▶ WHAT YOU NEED TO DO
Please copy the data below exactly, from its first line through the line holding "IVF SİYAH KARE", and skip the pictures.

Source data:
========

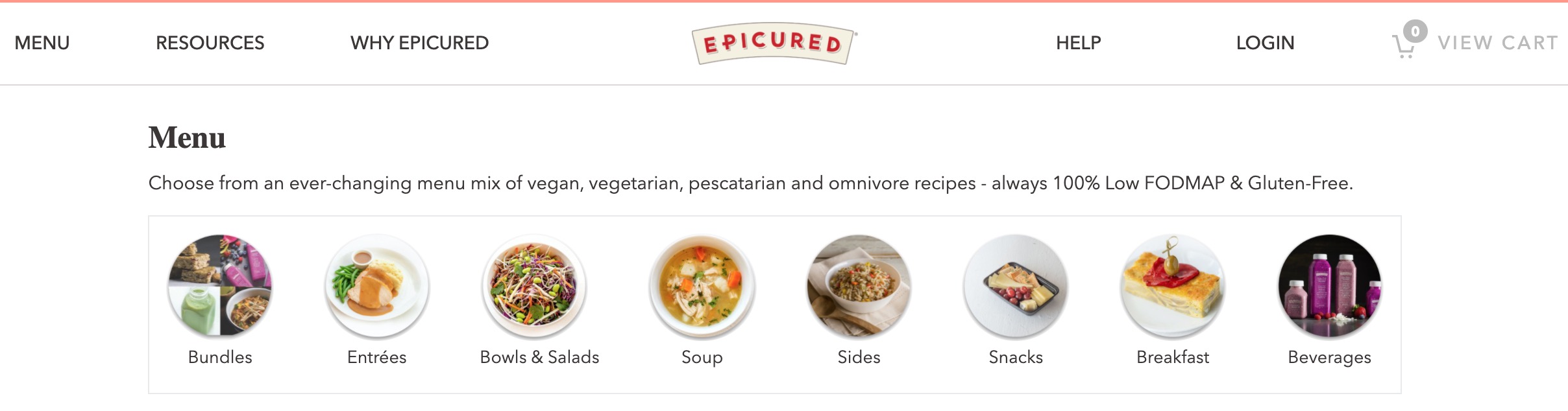 Epicured menu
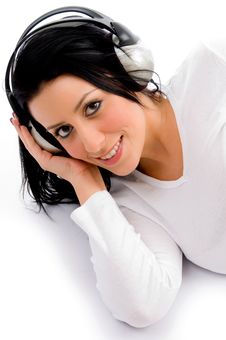 Female Listening Music On White Background Stock Photo Female Listening Music On White Background Stock Photo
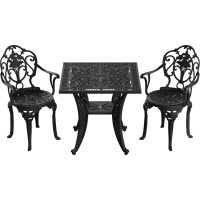 IVF SİYAH KARE MASA + 2'Lİ ISPARTA SANDALYE TAKIMI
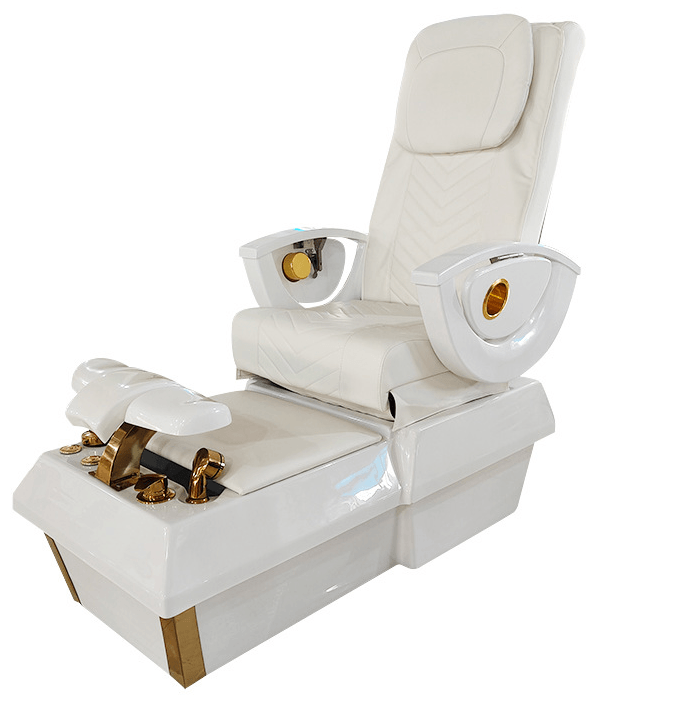 Minimalist White & Gold Pedicure Station with Built-in Armrest Cup Holders 1 Minimalist White & Gold Pedicure Station with Built-in Armrest Cup Holders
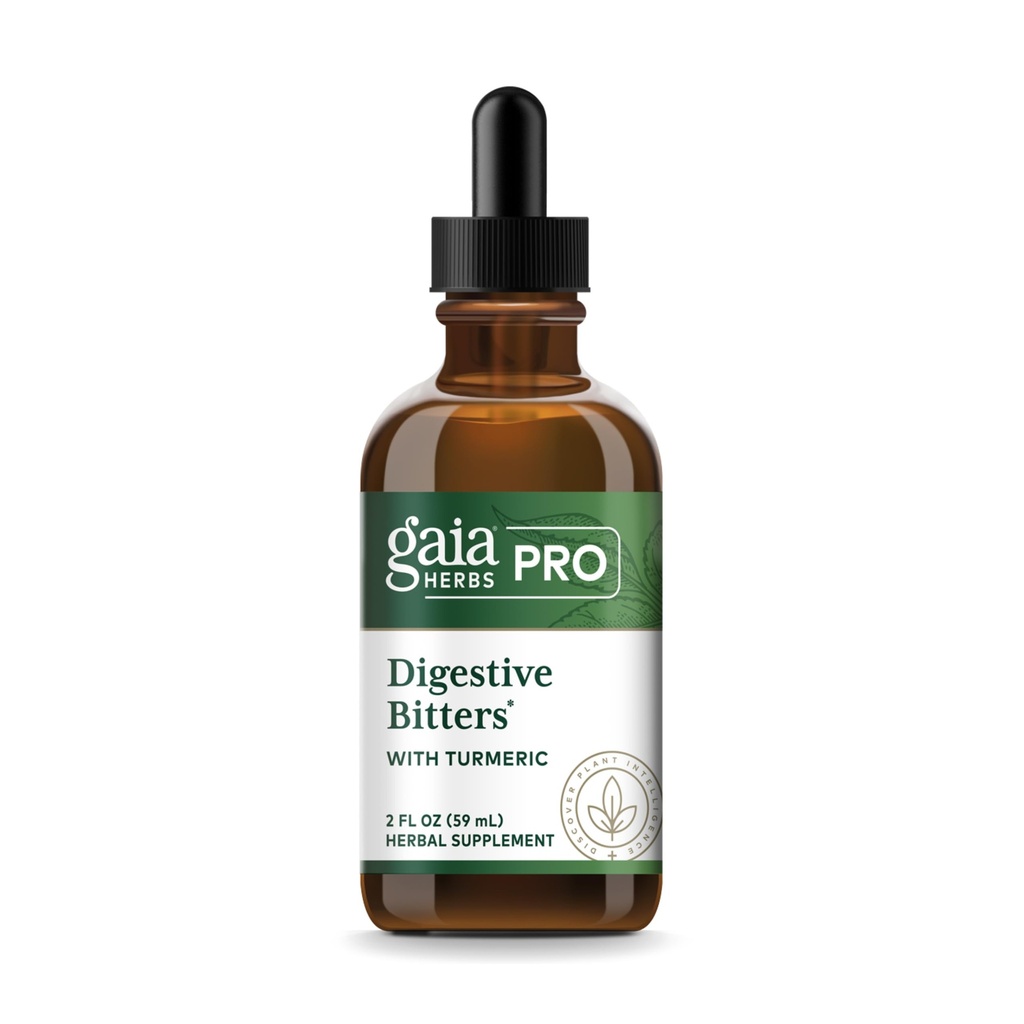 GAIA HERBS PRO Bitters Digestivos con Turmérica - con hierbas Usadas tradicionalmente para soportar la digestión saludable* - Fórmula Herbal - Grande para viajar - 2 Fl Oz (30 Servimientos)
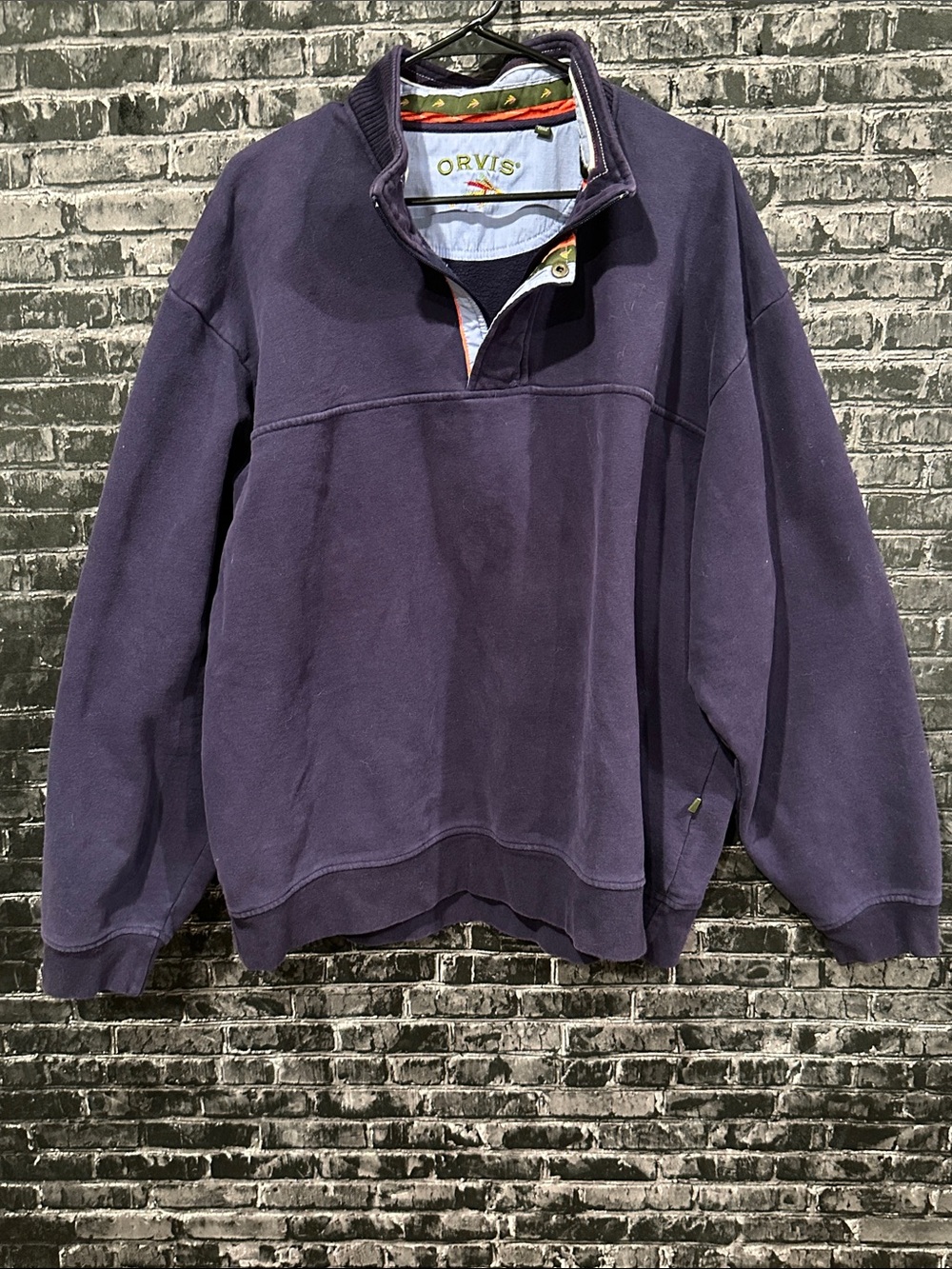 Orvis Men's Dark Navy Quarter-Zip Sweater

========

▶ OUTPUT OF THE EXERCISE
 Epicured menu
 Female Listening Music On White Background Stock Photo Female Listening Music On White Background Stock Photo
 IVF SİYAH KARE MASA + 2'Lİ ISPARTA SANDALYE TAKIMI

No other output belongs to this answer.